Task item
Please copy the listing that follows exactly, leaving out any pictures.

Data shown
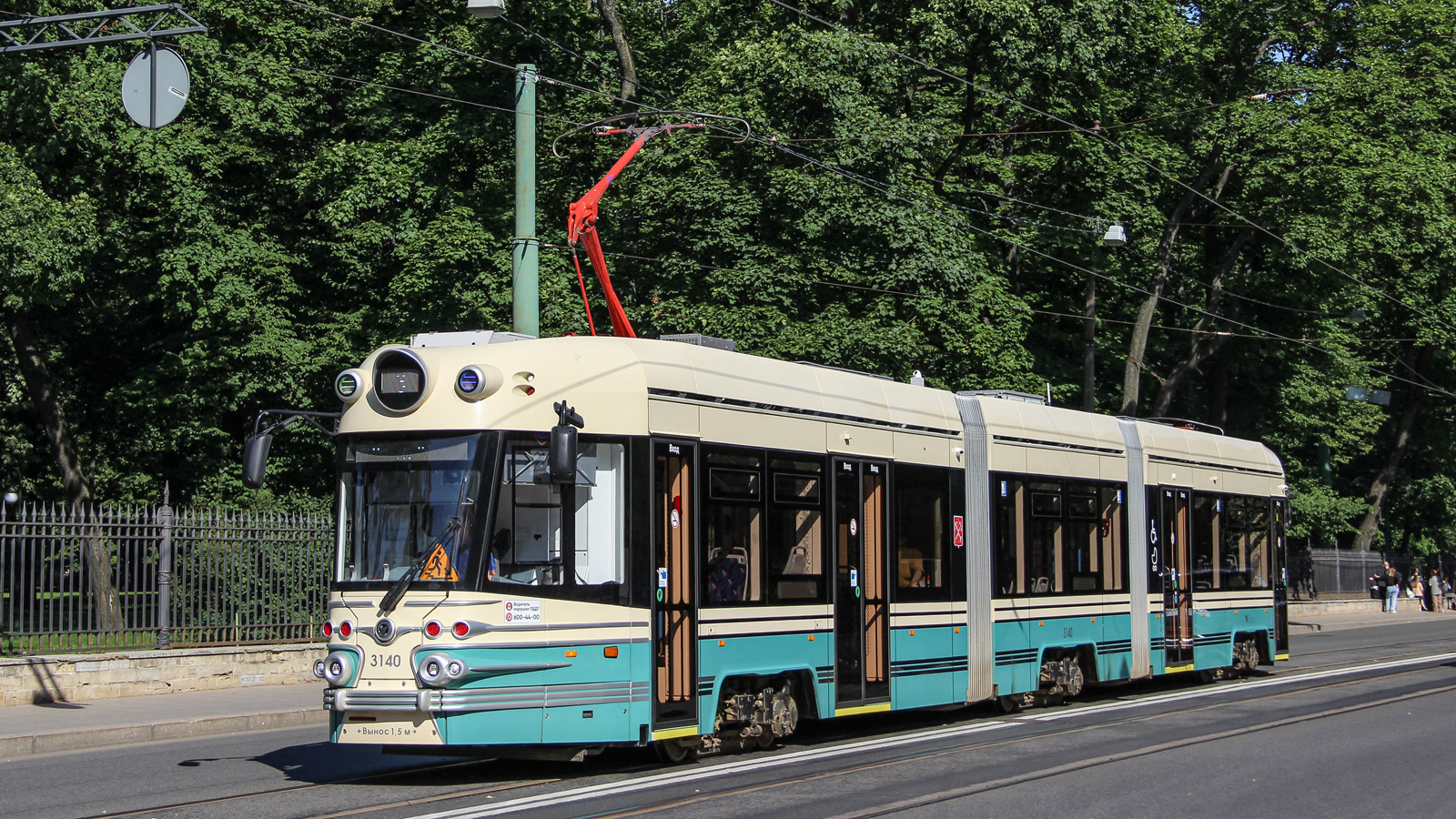 Sankt Peterburgas, 71-431R "Dostoevsky" nr. 3140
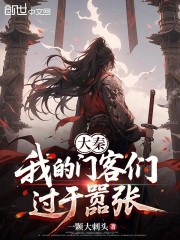 大秦：我的门客们过于嚣张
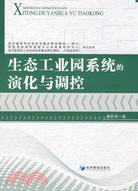 生態工業園系統的演化與調控（簡體書）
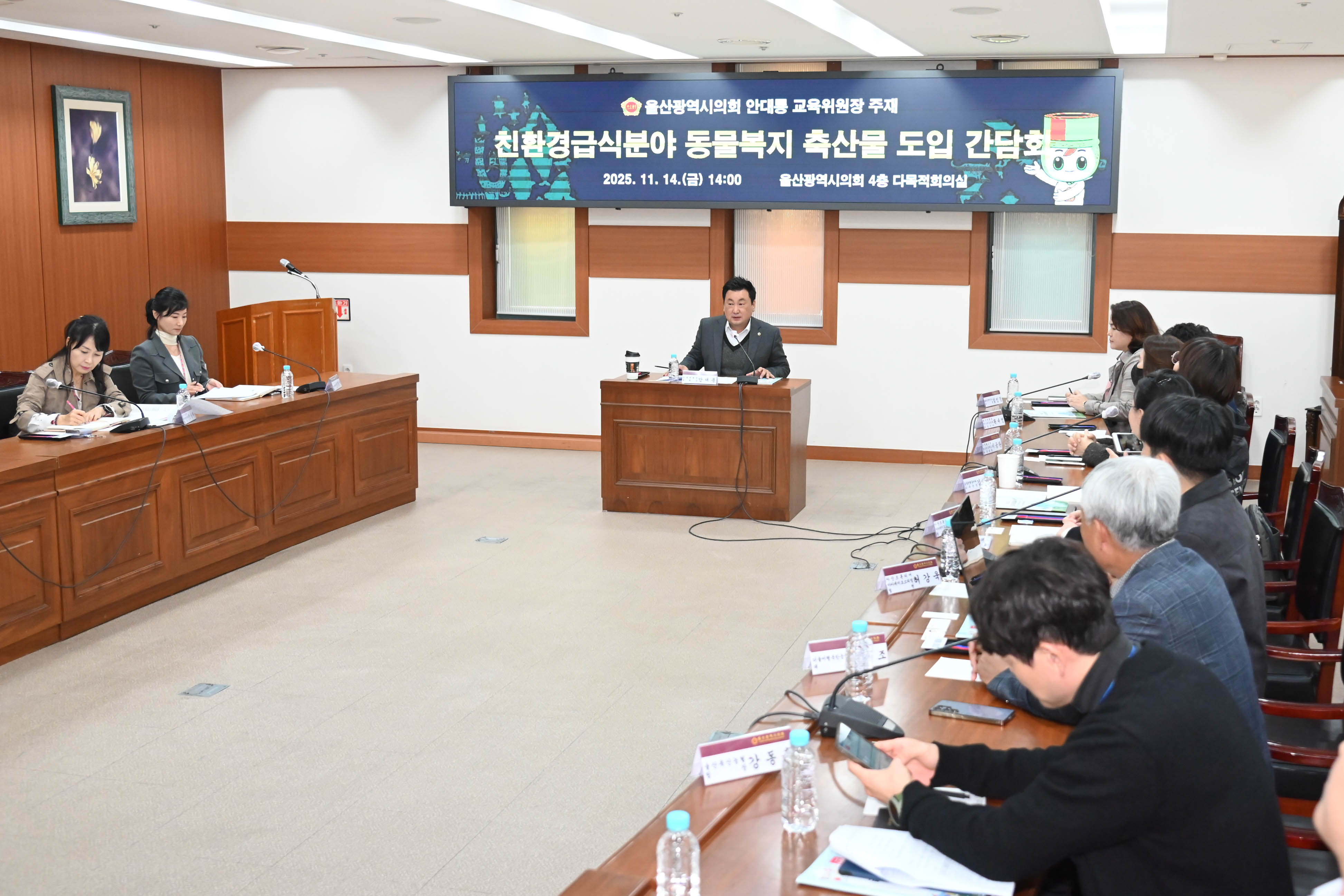 안대룡 교육위원장, 친환경급식분야 동물복지축산물도입 의견청취 간담회4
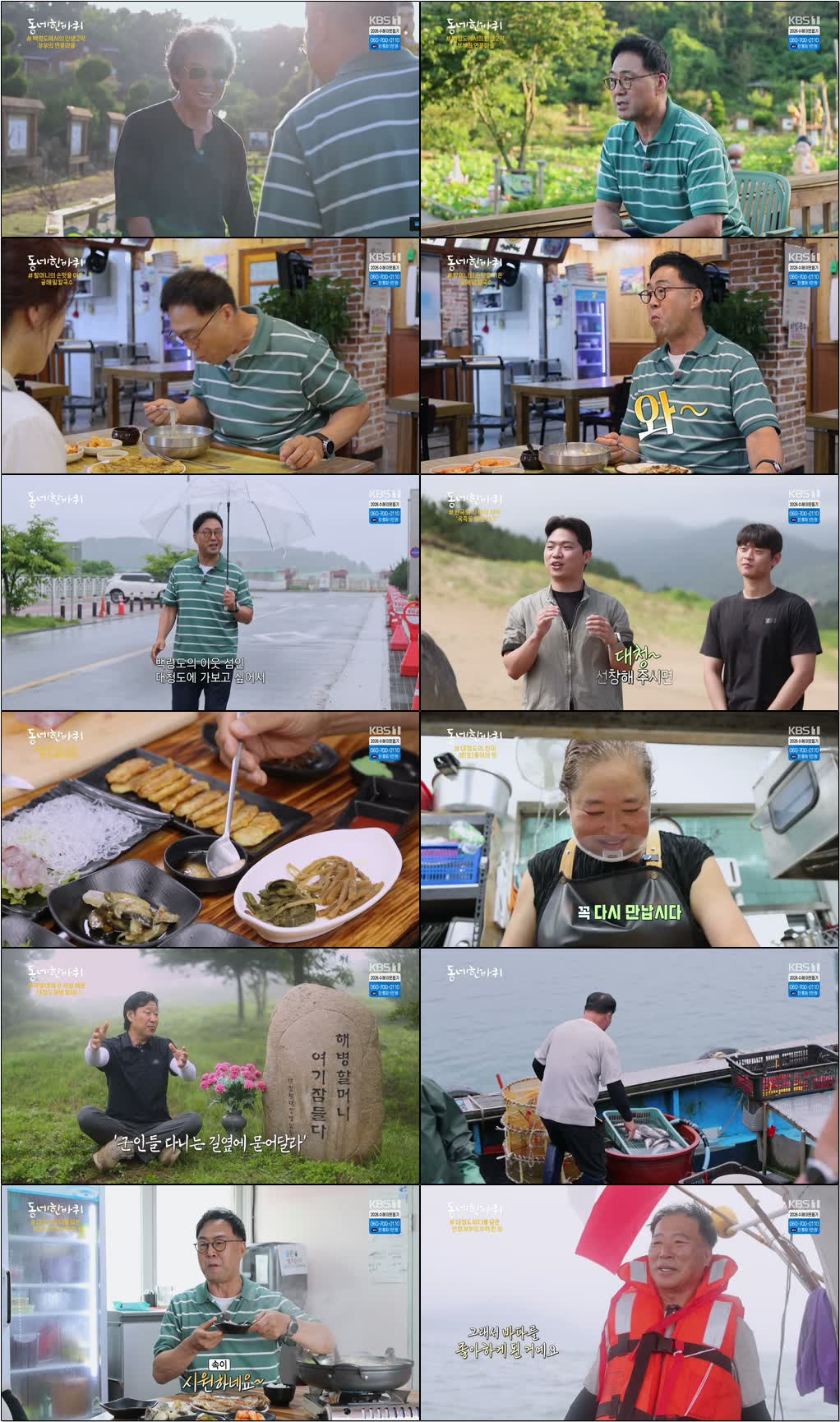 동네 한 바퀴.E383.260822.720p-NEXT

Written response
 Sankt Peterburgas, 71-431R "Dostoevsky" nr. 3140
 大秦：我的门客们过于嚣张
 生態工業園系統的演化與調控（簡體書）
 안대룡 교육위원장, 친환경급식분야 동물복지축산물도입 의견청취 간담회4
 동네 한 바퀴.E383.260822.720p-NEXT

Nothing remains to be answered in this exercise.